Managing market security
The above will have highlighted some basic actions or practices we suggest that you might consider.
In addition, we would suggest that there are some important operational considerations:
o Having a member of staff explicitly responsible for the market security function, with their responsibilities clearly laid out. This individual (or team, in larger organisations) would logically either have the relevant background or have undertaken some training in respect of ratings and the basics of insurer financial analysis.
In medium sized and smaller brokers this may naturally be seen as sitting with the finance director. But, with the greatest respect to broker finance directors, understanding how to interpret an insurer’s accounts for the purposes of assessing their likely creditworthiness is a specialist subject: some may well have the relevant expertise but that would not simply be a function of being a senior accountant working in the insurance industry.
o Having systems in place, including:
- Clear guidelines on your market security processes and documentation that demonstrates your understanding of the effective use of ratings and/or regulatory capital ratios (and any other sources of opinion or assessment).
- A policy on how and why a given rating level is deemed acceptable (and from which rating agencies), with consideration of the rating level by type of business (and hence duration of policyholder exposure).
- A policy on the use of regulatory capital ratios and the nature of reviews of relevant supporting information (such as the Solvency and Financial Condition Report for insurers – SFCR – covered by Solvency 2)
- A regular meeting to consider your clients’ exposures.

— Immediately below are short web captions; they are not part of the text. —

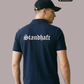 Ein Mann von hinten in einem dunkelblauen Poloshirt mit weißem „Standhaft“-Schriftzug im altdeutschen Stil auf dem Rücken.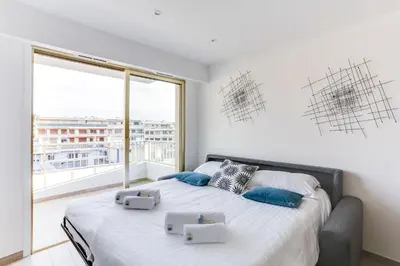 a bedroom with a bed with a large window at IMMOGROOM - Renovated apartment - Terrace - AC - Wifi in Cannes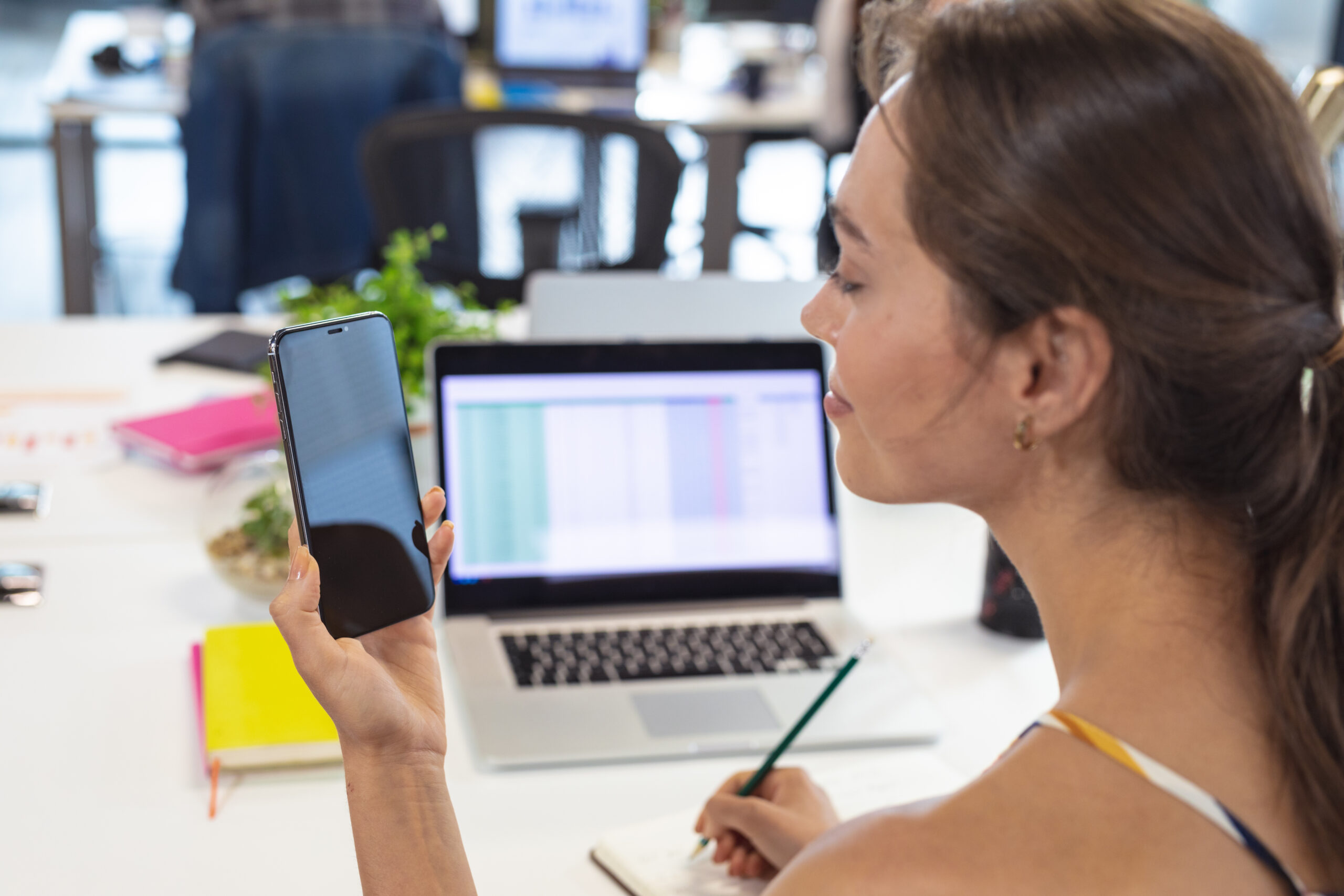 Caucasian female creative worker sitting at desk using smartphone taking notes. modern office of a creative design business.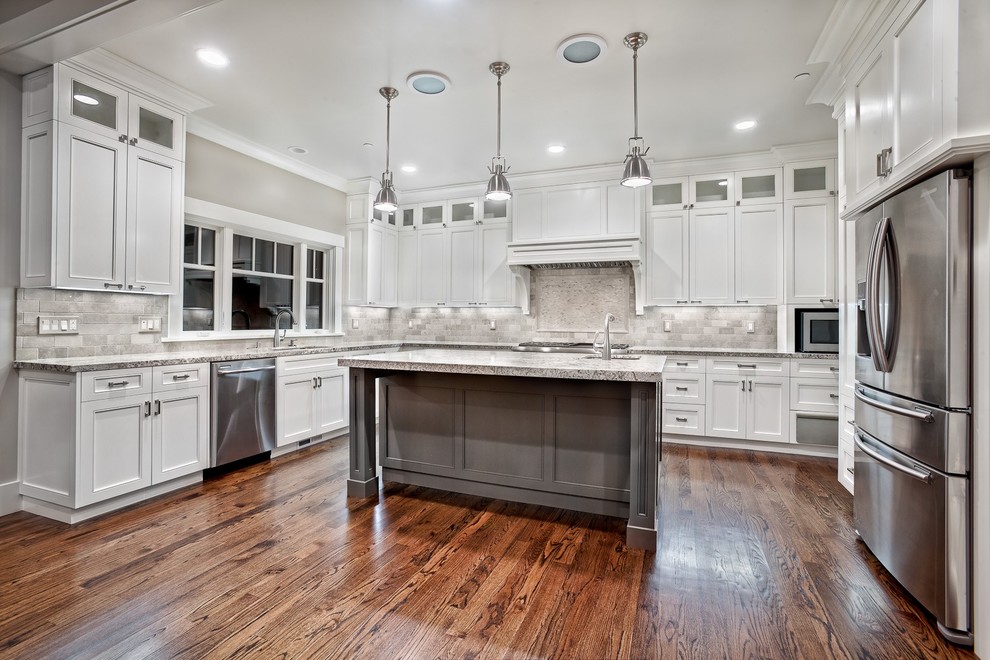 This is an example of a large transitional u-shaped kitchen in Cleveland with an undermount sink, shaker cabinets, white cabinets, granite benchtops, grey splashback, marble splashback, stainless steel appliances, medium hardwood floors, with island and brown floor.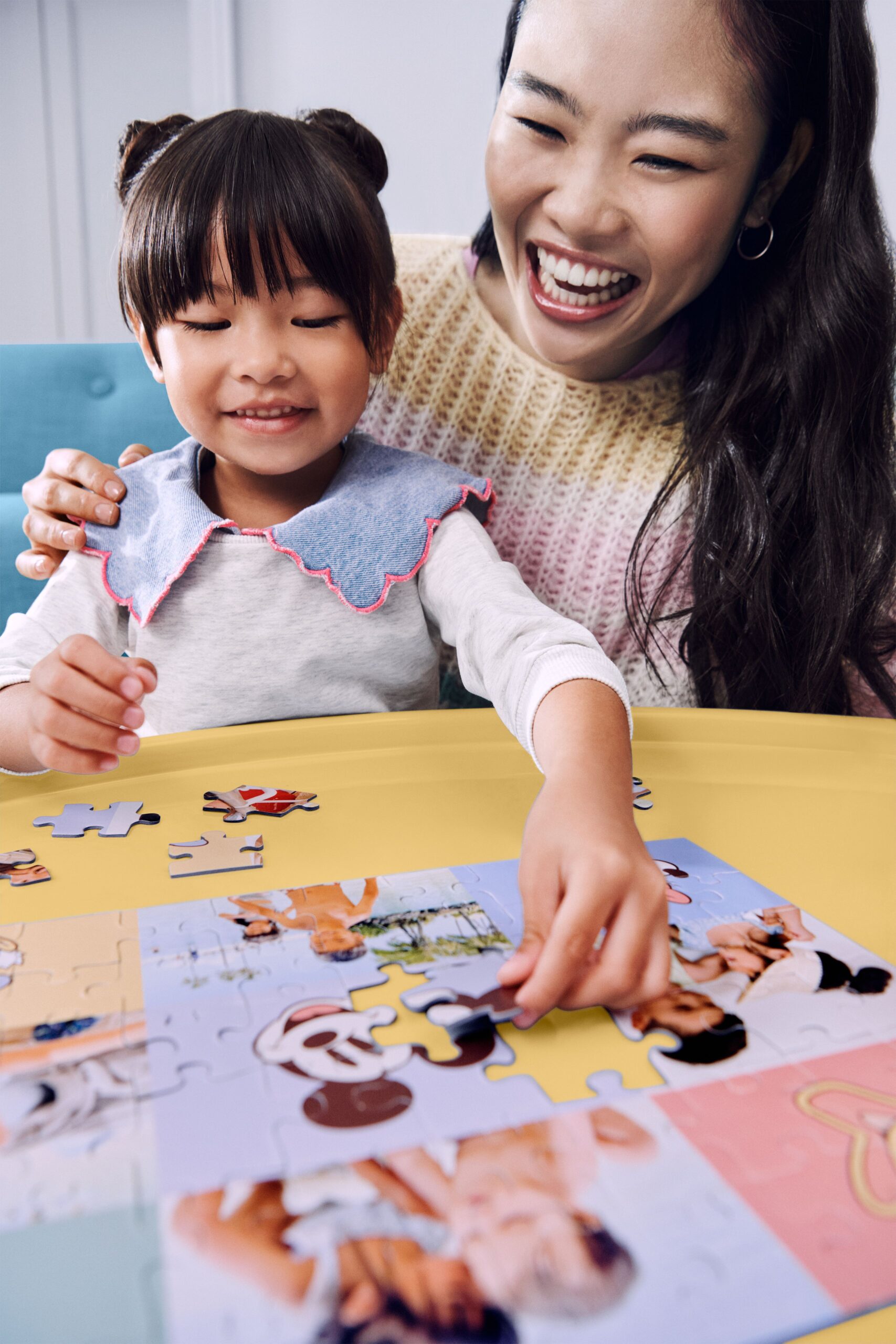 Mom and daughter putting together a Disney photo puzzle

This should include senior management and be capable of making important decisions about which insurers you should use.
- A policy on, and a defined process for, how you communicate with clients about rating, regulatory capital ratios or other perceived changes to the financial health on the insurer(s) you have placed their business with.
- A method for monitoring ratings and regulatory capital ratios on a regular basis.
- Suitable ongoing training for all personnel involved in carrier selection decisions.